Now, understand, I’m a U2 fan. I have been since I first heard The Joshua Tree, at my aunt and uncle’s house in New Hampshire, on headphones in the dark. I was 13, and this music took me places that few other bands had. I still think The Joshua Tree is a masterpiece, as is Boy, as is War, as is The Unforgettable Fire. And the band grew with me. In the ‘90s, I wanted to be all ironic and clever and cool, and they did too – Achtung Baby smacked me upside the head when it came out, and Pop – poor, maligned Pop – is actually a wonderful record. And in the 2000s, I grew up and took stock, and so did U2, making some of their most earnest, stripped-back music on All That You Can’t Leave Behind and How to Dismantle an Atomic Bomb, two records I still like a great deal.

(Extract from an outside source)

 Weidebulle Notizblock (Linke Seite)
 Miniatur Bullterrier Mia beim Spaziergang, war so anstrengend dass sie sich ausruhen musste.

So I was one of the millions who greeted Songs of Innocence with shouts of glee. Like all U2 fans, I’d been hearing about – and worrying about – this record for years, and to have it suddenly show up, out of the blue, for nothing? That actually made my day. I was so excited about it that it never even occurred to me that some people might be upset by the way the band chose to release this album, pushing it out to 500 million purchased folders without asking. This is why I am no longer a reporter – to me, the story was the music, not the method.
But man, was I wrong.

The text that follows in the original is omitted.